Organisations that have been using offshore AI APIs (OpenAI, Anthropic, Google) for sensitive workloads will face increasing pressure to migrate to sovereign alternatives. Open-source models running on local infrastructure will become the pragmatic choice for high-sensitivity use cases.
What this means for NZ enterprises:
If you're in a regulated industry and you're using offshore AI APIs for anything involving personal or sensitive data, start planning the migration. The regulatory requirement may not arrive in 2025, but the procurement requirement will. Your clients and partners will start asking where your AI processing happens.
Running your own models on your own infrastructure used to be the hard option. By mid-2025, the tooling will make it the obvious option for any enterprise that cares about sovereignty.
Mak Khan
Chief AI Officer

Prediction 4: The Compound Gap Widens

This is the prediction we feel most confident about, because we're watching it happen in real time.
Enterprises that invested in AI foundations in 2023 and 2024 are now building their third, fourth, fifth capabilities. Each one is faster and cheaper than the last. Their AI capability is compounding.
Enterprises that are still in the "pilot" phase, or that haven't started, are falling behind at an accelerating rate. The gap is not linear. It's exponential. A 12-month head start in AI foundation building translates to 18-24 months of capability advantage, because the early mover is compounding while the late mover is still building their first foundation.
What we expect:
By end of 2025, the gap between AI leaders and AI laggards within the same industry will be visible to customers, competitors, and boards. AI leaders will process faster, serve better, and operate more efficiently. AI laggards will not be able to close the gap by copying the leaders, because the leaders' advantage is in their foundation, not their features.
What this means for NZ enterprises:
If you haven't started building your AI foundation, start now. Not next quarter. Not after the strategy review. Now. The compound effect means every month of delay costs more than a month of catching up. The maths is unforgiving.

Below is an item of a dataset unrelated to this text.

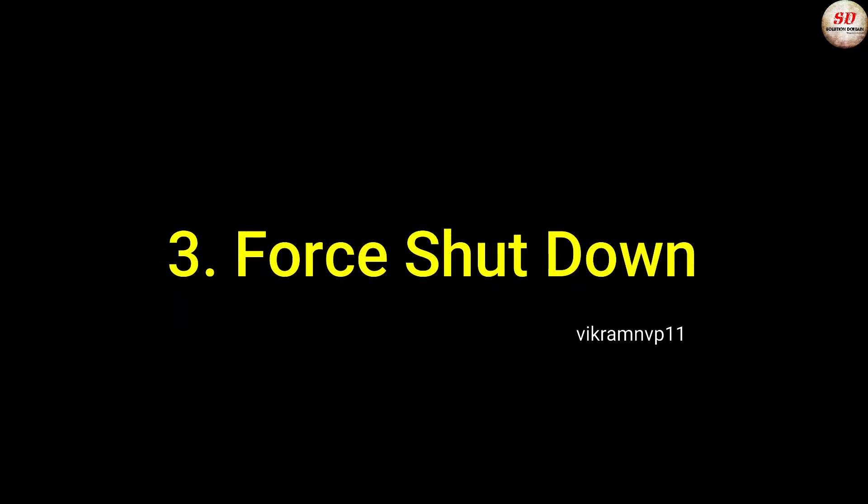Now check whether the keyboard is working or not. Forcefully shut down the system. You need to shut down the system forcefully.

Prediction 5: The Talent Model Shifts

This one is specific to New Zealand. The AI talent shortage is acute. There aren't enough ML engineers, data scientists, or AI architects in the country to staff every enterprise's AI ambitions.
What we expect:
The dominant model for AI capability in NZ enterprises will shift from "hire a team" to "partner and build." Fractional AI teams, managed AI services, and AI-as-a-service models will become the default for all but the largest organisations.
The enterprises that succeed won't be the ones that hire the most AI talent. They'll be the ones that build the best partnerships with AI-capable teams and retain enough internal capability to govern, direct, and absorb the output.
2025 Prediction Areas: Expected Impact
Source: RIVER Group, strategic analysis, December 2024

The Scorecard

We'll revisit these predictions at the end of 2025. If we're wrong, we'll say so publicly. That's the deal with predictions: you have to be willing to be measured against them.
Platform consolidation. Agentic production. Sovereign infrastructure. Compound gap. Talent model shift. Five predictions, all grounded in what we've seen in 2024. Let's see how 2025 plays out.